EJI’s Community Remembrance Project has several components that are all connected and intended to create opportunities for the community to deepen an understanding of the history of racial terror lynching and it’s continued legacies. EJI believes that truth and reconciliation are sequential. In order to get closer to healing and repair, we must address oppressive histories by honestly and soberly recognizing the pain of the past. In order to build towards those goals after an era of enslavement, an era of racial terror lynching and violence, an era of Jim Crow segregation, an era mass incarceration, we have to commit ourselves to building an era of truth and justice. We have to be intentional about creating space for honest engagement with the work of truth-telling.
As communities consider working with EJI to respond to the call to action to claim the monument from the National Memorial for Peace and Justice, it’s critical that communities understand the monument as part of a larger effort/process of engaging in truth-telling work (under EJI’s community remembrance project umbrella). As of now, EJI has not yet released any of the memorial monuments to any of the communities that they represent. However, EJI encourages communities to consider partnering with EJI on other aspects of the community remembrance project to build towards community readiness for the memorial monument as well as building a local commitment to truth-telling work. Claiming the monument is not the end goal; the purpose is to help communities confront and recover from tragic histories of racial violence and terrorism and to create an environment where there can truly be equal justice for all.

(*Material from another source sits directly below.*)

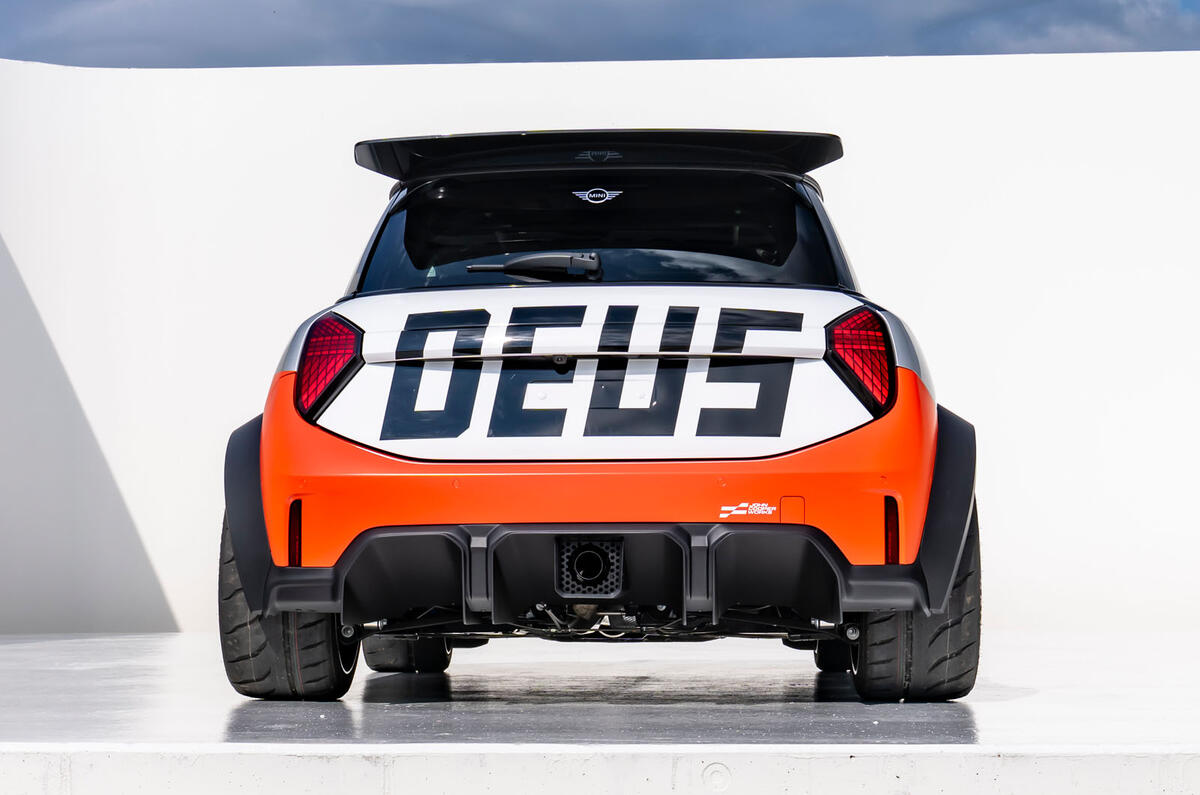 Mini Deus Machina rear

The process of community readiness includes public education, community engagement and raising consciousness about the local history of racial terrorism and it’s present-day legacy in that community. At this time, EJI continues to work with communities through the Soil Collection and Historical Marker Projects which allow for engagement with activities aimed at helping to create space for honest reflection and recognition of this history. Community partners who participate in these projects will also bring the experience of that work to an understanding of what it means and symbolizes to claim the memorial monument which will be helpful to do this work with great intentionality.
EJI currently encourages and welcomes community partners to consider participating in our Community Remembrance Historical Marker Project as a meaningful step in the process towards engaging with effort to claim the memorial monument, which can be preceded or followed by a Soil Collection Project, as well. Community members and partners who choose to pursue a historical marker project in particular will have the opportunity to complete some of the preliminary steps necessary for participation in claiming the memorial monument.